### PROVIDED DATA:
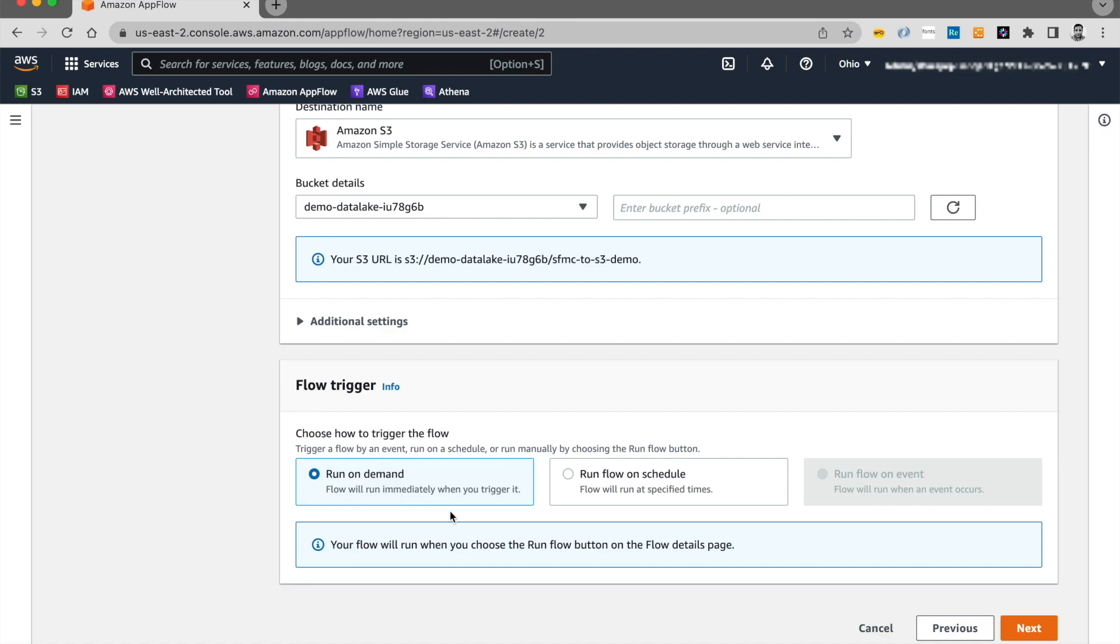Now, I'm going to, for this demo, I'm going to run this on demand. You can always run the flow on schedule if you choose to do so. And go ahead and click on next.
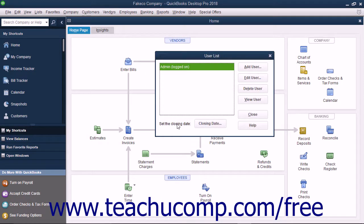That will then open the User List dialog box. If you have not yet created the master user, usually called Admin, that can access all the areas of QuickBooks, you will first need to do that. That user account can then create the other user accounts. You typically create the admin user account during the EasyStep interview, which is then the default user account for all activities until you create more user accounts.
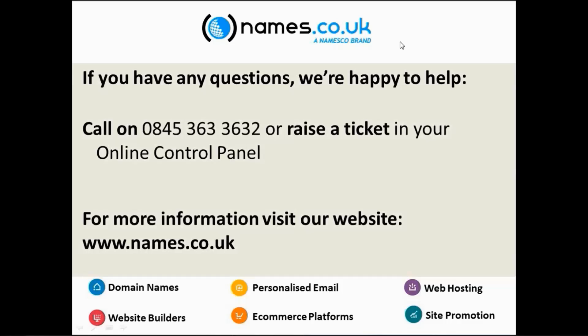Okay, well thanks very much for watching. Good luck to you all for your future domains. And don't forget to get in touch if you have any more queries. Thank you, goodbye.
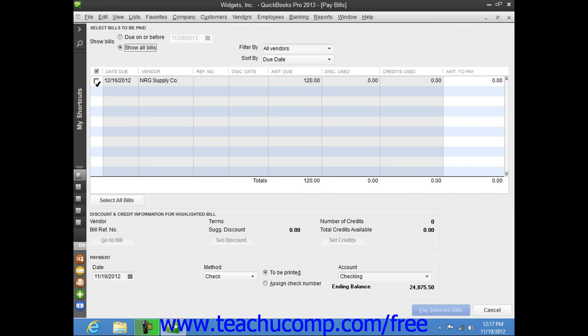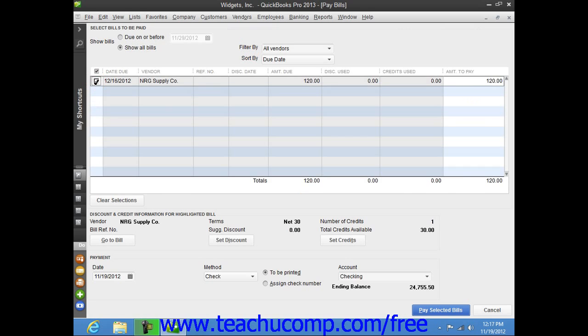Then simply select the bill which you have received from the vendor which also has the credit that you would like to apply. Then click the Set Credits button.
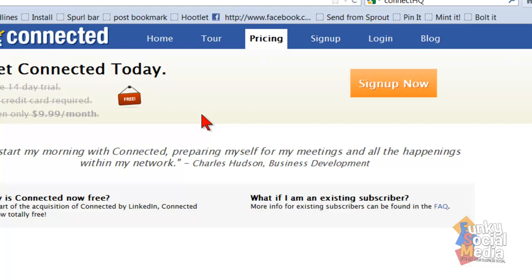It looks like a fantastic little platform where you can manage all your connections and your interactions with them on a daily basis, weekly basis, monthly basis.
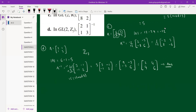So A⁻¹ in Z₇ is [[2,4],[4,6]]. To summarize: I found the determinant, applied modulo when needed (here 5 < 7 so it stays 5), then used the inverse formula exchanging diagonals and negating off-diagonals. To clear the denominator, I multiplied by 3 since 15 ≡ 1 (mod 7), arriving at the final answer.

### WHAT IS NEEDED:
Each line of the data must be restated exactly, and the pictures must be left out.

### SOLUTION BELOW:
Now, I'm going to, for this demo, I'm going to run this on demand. You can always run the flow on schedule if you choose to do so. And go ahead and click on next.
That will then open the User List dialog box. If you have not yet created the master user, usually called Admin, that can access all the areas of QuickBooks, you will first need to do that. That user account can then create the other user accounts. You typically create the admin user account during the EasyStep interview, which is then the default user account for all activities until you create more user accounts.
Okay, well thanks very much for watching. Good luck to you all for your future domains. And don't forget to get in touch if you have any more queries. Thank you, goodbye.
Then simply select the bill which you have received from the vendor which also has the credit that you would like to apply. Then click the Set Credits button.
It looks like a fantastic little platform where you can manage all your connections and your interactions with them on a daily basis, weekly basis, monthly basis.
So A⁻¹ in Z₇ is [[2,4],[4,6]]. To summarize: I found the determinant, applied modulo when needed (here 5 < 7 so it stays 5), then used the inverse formula exchanging diagonals and negating off-diagonals. To clear the denominator, I multiplied by 3 since 15 ≡ 1 (mod 7), arriving at the final answer.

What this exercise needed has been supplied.